Morgan Stanley’s U.S. economics team has trimmed its growth forecast for the year, and the reasoning is refreshingly specific: the pump is going to swallow the refund. On the firm’s Thoughts on the Market podcast, the team cut its U.S. growth outlook by roughly 0.3 to 0.4 percentage points, with elevated energy prices doing most of the work.
The anchor argument from the team: “Higher gas prices that we have now and likely to have for the rest of the year are going to be more than enough to offset any boost to consumer spending from the higher tax refunds this year.”
The Setup Behind the Cut
The data backs the concern. WTI crude touched $114.58 a barrel on April 7, 2026, the high of the recent dataset, and was still trading at $99.89 on April 27. For comparison, April 2025 WTI ranged $59.55 to $72.12 a barrel. That repricing is showing up in household budgets. BEA monthly data shows gasoline outlays jumped to $503.7 billion (annualized) in March 2026 from $422.4 billion in February.
The macro picture is already softening. Real GDP grew 2.0% in 2026 Q1, with personal consumption contributing just 1.6%, the weakest reading in the recent cycle. The savings rate has slipped to 4.0% from 5.2% a year earlier, leaving households with less cushion to absorb a fuel shock.

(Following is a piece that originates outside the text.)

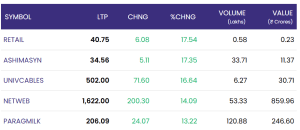 May 6: nifty opens steady at 24,500: netweb, univcables soar while ksolves, vmart tumble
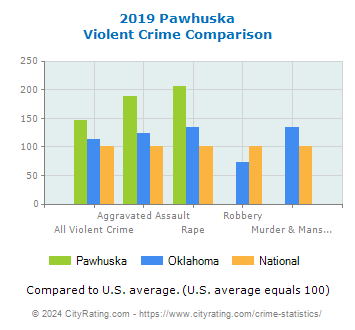 Pawhuska Violent Crime vs. State and National Comparison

Gas vs. Refunds: One Macro Variable Cancels Another
Tax refunds typically arrive as a discretionary tailwind in the spring. Morgan Stanley’s point is that gasoline is now a non-discretionary cash drain large enough to cancel that lift. Layered on top, already restrictive monetary policy and tight financial conditions amplify the energy drag rather than cushion it.
If gas prices remain high for the long term and if the investments surrounding AI slow down, growth could come down even faster. That said, Morgan Stanley won’t be proven right if oil prices decrease quickly and investments into AI keep accelerating. Hyperscalers spending hundreds of billions out of their record balance sheet is plenty of stimulus for the economy.
The Inflation Nuance Bond Investors Should Watch
Here is where the call gets interesting for portfolio decisions. The energy PCE index rose 11.56% month-over-month in March 2026 and 14.43% year-over-year. Core PCE moved only 0.29% on the month and 3.2% year-over-year. The Morgan Stanley team expects limited pass-through to core inflation, consistent with the historical pattern where energy spikes lift headline prints and then fade.
Slower growth without a sticky core inflation problem is a very different macro regime than stagflation. For equity investors, the read-through points to consumer-facing names where wallet share is most exposed to fuel costs. For bond investors, the question is whether the Fed treats this as a demand drag (dovish) or a headline inflation flare (hawkish hold). Investors can listen to the full Morgan Stanley podcast here for the team’s framing in their own words.
What to watch next: the trajectory of WTI through summer driving season, the next core PCE print, and whether Q2 personal consumption decelerates further from the 1.6% Q1 reading.